British polar adventurer and entrepreneur

Patrick Woodhead (born 1975) is an English polar adventurer, entrepreneur and author. He currently runs White Desert, a company that arranges luxury adventures into the interior of the Antarctic.

==Early life and expeditions==
After completing a university degree in philosophy and ancient history, Woodhead traveled extensively. For a period of 8–10 years he alternately took jobs as a ski instructor in Canada, a park ranger in Namibia, explored unclimbed mountains in Krygistan, and went on expeditions in the Amazon and Congo.

Despite having no previous polar experience, in 2002, at the age of 27 he and fellow adventurers Tom Avery, Andy Gerber, and polar guide Paul Landry, made a trek across Antarctica from the edge of the continent near the Patriot Hills camp to the South Pole in 46 days. The expedition used snowkiting when possible to aid the trip.

In 2004 Woodhead led the first ever east to west traverse of Antarctica, covering 1850 km in a total of 75 days. Woodhead stated that before that time only 11 people had done a full traverse of the continent.

In May 2015, Woodhead was part of a team that accomplished the fastest horizontal coast-to-coast crossing of Greenland, making the crossing in 9 days, 19 hours, and 40 minutes. The team was led by Tom Avery, and included Andy Gerber and George Wells. The weather was severe at the end of the trip, and Wells lost eight toes to frostbite.

Woodhead is a Prince’s Trust ambassador and a fellow of the Royal Geographical Society.

==White Desert==
While on the 2004 expedition in Antarctica, Woodhead and his then-wife Robyn developed the idea of establishing an adventure camp in Antarctica that catered to exploring the continent's interior. Prior to that, the only real tourist opportunity for seeing the continent was from the periphery, in cruise ships. In 2005 they established the White Desert company, which offers luxury lodging on the continent. The facilities have since expanded to three camps, which operate during the Antarctic summer (November to February). As of 2025 the company had 115 employees, from 17 different countries. Flights to the continent leave from Cape Town, South Africa.

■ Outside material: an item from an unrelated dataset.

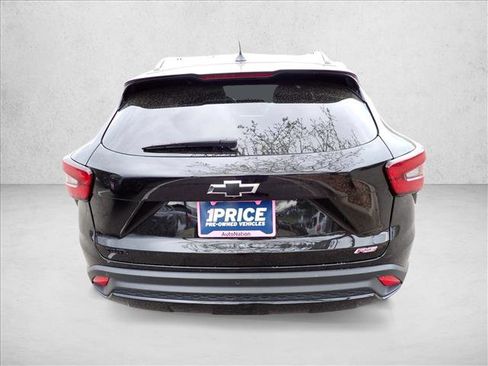 Used 2024 Chevrolet Trax RS w/ Driver Confidence Package FWD image 3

Woodhead has stressed the importance of preserving the natural conditions of the continent. He states that White Desert has been carbon neutral since 2007, they were the first operator on the continent to use Sustainable Aviation Fuel for their planes, and they use solar air heaters in their living pods. He has stated that everything they use is biodegradable, and all waste is sent back to South Africa for processing.

White Desert devotes 50% of its logistics to transporting scientists to their bases on the continent. Woodhead has also spoken about the importance of upholding and renewing the Antarctic Treaty System, agreements signed by 58 countries to maintain the neutral, scientific, non-military nature of the continent.

==Books==
Woodhead is the author of four books:

Misadventures in a White Desert (2003). Story of South Pole expedition. ISBN 978-0340828106

The Cloud Maker (2009). Novel. ISBN 978-1848091153

The Secret Chamber (2011). Novel. ISBN 978-1848090781

Beneath the Ice (2015). Novel. ISBN 978-1848090798

==Personal life==
Woodhead has two children with his ex-wife Robyn.